Emir (Heyecanla): “Bak, bu maddeleri, kendi hayatımıza rehberlik eden pencereler olarak düşünelim.”
Geçmiş Artık Pişmanlık Değil, Nurani Bir Meclistir:
“Said Nursi Hazretleri Mezar-ı Ekber’i yırtıp atıyor! Geçmişteki sevdiklerimiz yok olmadı; onlar ruhları ebediyete intikal etmiş dostların toplandığı bir mecliste bizi bekliyor.”
“Bu bize şöyle rehberlik ediyor: Geçmişin hataları ve kayıpları bizi eziyorsa, artık oraya hüzünle değil, bir gün kavuşma ümidiyle bakmalıyız. Yok, olan sadece suretlerdir.”
Gelecek Artık Belirsizlik Değil, Ziyafet Vaadidir:
“Karanlık kabir, artık saadet saraylarında bir ziyafet-i Rahmani’ye olarak görünüyor.”
“Bu bize şöyle rehberlik ediyor: Geleceğin ne getireceği korkusu yerine, bizi sonsuz bir ikramın beklediği bilgisiyle yaşamalıyız. Korku, yerini heyecanlı bir beklentiye bırakıyor.”
Şimdiki An Tabut Değil, Kıymetli Bir Ticaretgâhtır:
“Şu an yaşadığımız gün, ölümün bekleme salonu veya bir tabut değil; ebedî kârı yapabileceğimiz, her nefesin altın değerinde olduğu uhrevî bir ticaret dükkânıdır.”

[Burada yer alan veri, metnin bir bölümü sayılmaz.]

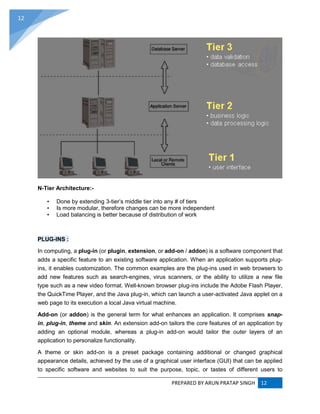 PREPARED BY ARUN PRATAP SINGH 12
12
N-Tier Architecture:-
• Done by extending 3-tier’s middle tier into any # of tiers
• Is more modular, therefore changes can be more independent
• Load balancing is better because of distribution of work
PLUG-INS :
In computing, a plug-in (or plugin, extension, or add-on / addon) is a software component that
adds a specific feature to an existing software application. When an application supports plug-
ins, it enables customization. The common examples are the plug-ins used in web browsers to
add new features such as search-engines, virus scanners, or the ability to utilize a new file
type such as a new video format. Well-known browser plug-ins include the Adobe Flash Player,
the QuickTime Player, and the Java plug-in, which can launch a user-activated Java applet on a
web page to its execution a local Java virtual machine.
Add-on (or addon) is the general term for what enhances an application. It comprises snap-
in, plug-in, theme and skin. An extension add-on tailors the core features of an application by
adding an optional module, whereas a plug-in add-on would tailor the outer layers of an
application to personalize functionality.
A theme or skin add-on is a preset package containing additional or changed graphical
appearance details, achieved by the use of a graphical user interface (GUI) that can be applied
to specific software and websites to suit the purpose, topic, or tastes of different users to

“Bu bize şöyle rehberlik ediyor: Can çekişen cismimiz, artık ruhumuzun ebediyet yolculuğuna çıkan gemisidir. Vaktin kıymetini bilmek, her anımızı bir yatırıma dönüştürmektir. En basit eylemler bile, doğru niyetle sonsuz bir sermayeye dönüşebilir.”
Ömür Ağacının Sonu Değil, Semavî Bir İkramdır:
“İman, ömür ağacının tepesindeki meyveyi; fanilikle çürüyen bir cenaze değil, ruhun yüksek makamlara çıkışını sağlayan bir iman ve amel sepeti olarak gösterir. O ürküntü (tevahhuş) kaybolur.”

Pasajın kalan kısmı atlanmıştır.